Şimşek politikalarıyla geçirilen 23 ayın sonunda elimizde yüksek faiz, yüksek enflasyon ve güçlükle tutulan kurdan başka bir şey yok. Şimşek ‘programı’ nasıl sona erecek, göreceğiz. Programın ömrünü kısa bir süreliğine de olsa uzatmanın sadece iki yolu kaldı: Faizleri daha uzun bir süre daha yüksek bir seviyede tutarak bir iflas-işsizlik dalgası yaratıp ekonomiyi bir resesyona sokmak ya da siyaseten önemli bir yumuşama hamlesi ile döviz çekmeye çalışmak. İktidarın bu iki seçeneği de tercih etmesi siyaseten mümkün görünmüyor. Sınırlarına dayanan Şimşek ‘programı‘ yerine koyabilecekleri yeni bir ‘program’ da şu ortamda mevcut değil.
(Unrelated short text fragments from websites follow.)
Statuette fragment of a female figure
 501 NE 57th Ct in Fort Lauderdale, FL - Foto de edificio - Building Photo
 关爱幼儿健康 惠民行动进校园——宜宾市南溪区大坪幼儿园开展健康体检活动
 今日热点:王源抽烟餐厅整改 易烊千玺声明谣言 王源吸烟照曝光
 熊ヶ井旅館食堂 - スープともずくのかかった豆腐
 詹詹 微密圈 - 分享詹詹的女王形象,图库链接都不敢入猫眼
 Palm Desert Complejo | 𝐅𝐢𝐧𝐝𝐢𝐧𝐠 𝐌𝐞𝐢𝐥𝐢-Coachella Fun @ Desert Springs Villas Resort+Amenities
Böylesi bir döneme girilirken muhalefetin en büyük eksikliği, geniş kesimlerin ihtiyaçlarına yanıt verecek alternatif bir ekonomi programı olmaması olarak göze çarpıyor. 2023 seçimlerine gidilirken altılı masanın vadettiği politika çerçevesi Şimşek ‘programı‘nın bir benzeriyken bugün de halen ülkeye “Demokrasi gelirse yabancı sermaye de gelir” yaklaşımının ötesine geçilememiş durumda.
Kısacası ekonomiyi ve özellikle de geniş emekçi kesimleri oldukça zor ve tehlikeli bir dönem bekliyor. Güçlü ve birleşik bir mücadele hattı ortaya çıkmadığı sürece fırtınadan en çok zarar görecek olan yine ücretli çalışanlar olacak.